In terms of US Fed policy, expectations of higher federal funds rates over the next 12 months softened. At the close of business, contracts implied the effective federal funds rate would average 4.57% in February, 24bps higher than the current spot rate, and then climb to an average of 4.64% in March. May futures contracts implied a 4.88% average effective federal funds rate while December contracts implied 4.48%.
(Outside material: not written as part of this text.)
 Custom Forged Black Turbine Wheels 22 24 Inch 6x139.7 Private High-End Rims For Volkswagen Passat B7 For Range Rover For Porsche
Purchasing managers’ indices (PMIs) are economic indicators derived from monthly surveys of executives in private-sector companies. They are diffusion indices, which means a reading of 50% represents no change from the previous period, while a reading under 50% implies respondents reported a deterioration on average. A reading “above 48.7%, over a period of time, generally indicates an expansion of the overall economy” according to the ISM.

The ISM’s manufacturing PMI figures appear to lead US GDP by several months despite a considerable error in any given month. The chart below shows US GDP on a “year on year” basis (and not the BEA annualised basis) against US GDP implied by monthly PMI figures. 

According to the ISM and its analysis of past relationships between the PMI and US GDP, January’s PMI corresponds to an annualised contraction rate of 0.5%, or -0.1% over a quarter. Regression analysis on a year-on-year basis suggests a 12-month GDP growth rate of 1.8% five months after this latest report.

The ISM index is one of two monthly US PMIs, the other being an index published by S&P Global. S&P Global produces a “flash” estimate in the last week of each month which comes out about a week before the ISM index is published. The S&P Global flash January manufacturing PMI registered 46.8%, 0.6 percentage points higher than December’s final figure.